As a guide, one of the top requests I get is to ‘see Diamond Head’ – which is funny, because often when I get the request – it’s in Waikiki where Diamond Head is most visible! Diamond Head is just one of those monuments that people have heard of but don’t really know what it is – sometimes they know it’s a volcano, sometimes they know it’s a hike, sometime’s they know it’s a surf break – but Diamond Head is that and more. It’s also a neigborhood, a road, a direction, a crater, a park, a National Guard base, a historic military lookout, a lighthouse – and quite frankly – an experience and feeling – a sense of actually being in Waikiki.
Geologically speaking, Diamond Head is a tuff cone volcano that last erupted about 400,000 years ago. The Hawaiians called it Le’ahi which means ‘forehead of the tuna’ and from Waikiki – that’s exactly what it looks like. Western sailors gave it the current name because it was a visible landmark from sea – also known as a ‘head’. The shape of the top is roughly diamond shape which makes sense to me but there are other stories about sailors finding calcite crystals they thought were diamonds and even about the way the light refracted off of it at sunset. At it’s tallest point, it is 762 feet tall (232 m). Diamond Head was the last gasp of the Oahu volcanos and took place millions of years after the main island-forming eruptions of the Ko’olau and Waianae Volcanos. The Pali Lookout sits at the top of the Ko’olau Volcano rim – sometimes people get the lookouts confused.
In modern times, the crater and nearby areas outside the crater were part of the U.S. Army’s Fort Ruger. Today there is still a National Guard Unit and Hawaii Civil Defense inside the crater. It was used as a lookout point for the U.S. Military in Hawaii during both world wars and the pillboxes at the top of the popular interior hike are the remnants of those bygone days.
Diamond Head is a U.S. National Monument and Natural Landmark – so it is protected. In the 1960s and 70s there were huge Woodstock style concerts in the crater with the likes of Jimmy Hendrix, The Grateful Dead, the Rolling Stones, and more. I would have loved seeing the Grateful Dead in there.
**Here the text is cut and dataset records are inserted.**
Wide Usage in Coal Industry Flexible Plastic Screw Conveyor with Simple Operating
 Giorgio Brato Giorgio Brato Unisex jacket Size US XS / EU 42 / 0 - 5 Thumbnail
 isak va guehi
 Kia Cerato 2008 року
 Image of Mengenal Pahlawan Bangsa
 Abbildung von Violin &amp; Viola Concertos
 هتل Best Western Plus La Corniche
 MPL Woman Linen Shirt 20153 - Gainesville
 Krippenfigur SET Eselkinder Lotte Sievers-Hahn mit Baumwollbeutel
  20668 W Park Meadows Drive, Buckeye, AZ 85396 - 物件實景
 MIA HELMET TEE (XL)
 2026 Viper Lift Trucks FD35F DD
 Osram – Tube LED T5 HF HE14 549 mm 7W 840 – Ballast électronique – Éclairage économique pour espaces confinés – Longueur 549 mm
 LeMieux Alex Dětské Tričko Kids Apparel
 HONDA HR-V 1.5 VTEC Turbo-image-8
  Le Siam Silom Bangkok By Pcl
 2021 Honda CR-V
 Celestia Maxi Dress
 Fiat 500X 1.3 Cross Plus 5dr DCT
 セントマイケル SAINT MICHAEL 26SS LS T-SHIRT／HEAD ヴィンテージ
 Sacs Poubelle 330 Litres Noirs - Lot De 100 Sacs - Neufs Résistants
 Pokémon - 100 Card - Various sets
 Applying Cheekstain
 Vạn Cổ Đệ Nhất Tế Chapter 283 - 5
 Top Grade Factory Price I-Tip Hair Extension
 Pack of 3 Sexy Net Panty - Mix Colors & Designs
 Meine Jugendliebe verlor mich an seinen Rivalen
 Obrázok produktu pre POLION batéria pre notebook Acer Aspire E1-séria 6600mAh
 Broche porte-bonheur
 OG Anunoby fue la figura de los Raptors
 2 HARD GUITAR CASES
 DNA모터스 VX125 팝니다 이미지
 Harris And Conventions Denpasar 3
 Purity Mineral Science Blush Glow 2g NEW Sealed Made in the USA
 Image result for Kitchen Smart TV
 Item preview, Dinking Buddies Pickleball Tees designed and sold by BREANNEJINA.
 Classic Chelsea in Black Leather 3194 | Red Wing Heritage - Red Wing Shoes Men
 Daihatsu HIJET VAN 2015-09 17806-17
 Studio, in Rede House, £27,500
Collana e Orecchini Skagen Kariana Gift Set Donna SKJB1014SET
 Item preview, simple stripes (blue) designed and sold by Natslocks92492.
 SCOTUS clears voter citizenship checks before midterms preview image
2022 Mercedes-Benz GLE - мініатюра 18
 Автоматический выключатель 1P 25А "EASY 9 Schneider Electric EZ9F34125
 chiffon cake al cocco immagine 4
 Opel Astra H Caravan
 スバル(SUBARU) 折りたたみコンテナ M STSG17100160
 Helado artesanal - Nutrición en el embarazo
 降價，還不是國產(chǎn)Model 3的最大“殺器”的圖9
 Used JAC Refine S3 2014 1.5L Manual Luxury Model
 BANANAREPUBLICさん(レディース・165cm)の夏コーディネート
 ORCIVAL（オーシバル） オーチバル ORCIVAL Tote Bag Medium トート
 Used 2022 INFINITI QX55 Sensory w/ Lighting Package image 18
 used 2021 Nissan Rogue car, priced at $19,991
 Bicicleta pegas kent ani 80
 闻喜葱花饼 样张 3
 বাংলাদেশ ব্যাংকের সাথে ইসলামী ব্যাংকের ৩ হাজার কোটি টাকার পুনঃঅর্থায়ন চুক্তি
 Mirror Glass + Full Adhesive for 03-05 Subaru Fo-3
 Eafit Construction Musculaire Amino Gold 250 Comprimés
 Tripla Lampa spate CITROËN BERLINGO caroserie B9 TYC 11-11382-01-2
Today, most people who come to Diamond Head want to do the hike. It is less than a mile each direction but with some serious elevation gain (about 560 feet). Bring plenty of water, wear sunscreen, and take breaks if you need to. The trail was built in 1908 by the U.S. Army. In ancient times, there was a Heiau (temple) dedicated to the God of Winds up near where tourists take in the view today. You’ll see why – so hold onto your hat! Admission is $5 per car if driving or $1 per person if walking. It is open every day of the year from 6am to 6pm with last entrance at 4:30 pm daily.
Parking is cheap but you may have to wait for a few minutes. To get there just drive up Diamond Head Road to Kapiolani Community College and turn right at the sign, drive through the tunnel into the crater, and pay for parking at the gate.
After you take the hike, drive back out through the tunnel and continue on around Diamond Head’s exterior. You will find several pullouts where you can take in the view of the surf on one side and the exterior of the Volcano on the other. Between the lookouts and the Diamond Head Lighthouse which is operated by the U.S. Coast Guard – you will see a trail that leads down to the surf break. Diamond Head is one of the most consistant and popular surf breaks on the island of Oahu. You will have to hike your board down (and back up) but it will be worth it. If you just want to watch the surfers, the lookout with the Amelia Earhardt memorial is the best spot.
Further down the road, you will enter the Diamond Head neighborhood, one of Oahu’s most exclusive and expensive places to live. Just a bit further and you will be back in Waikiki at Kapiolani Community Park. Don’t forget to turn around and enjoy the beauty and grace of Diamond Head as you enjoy Waikiki.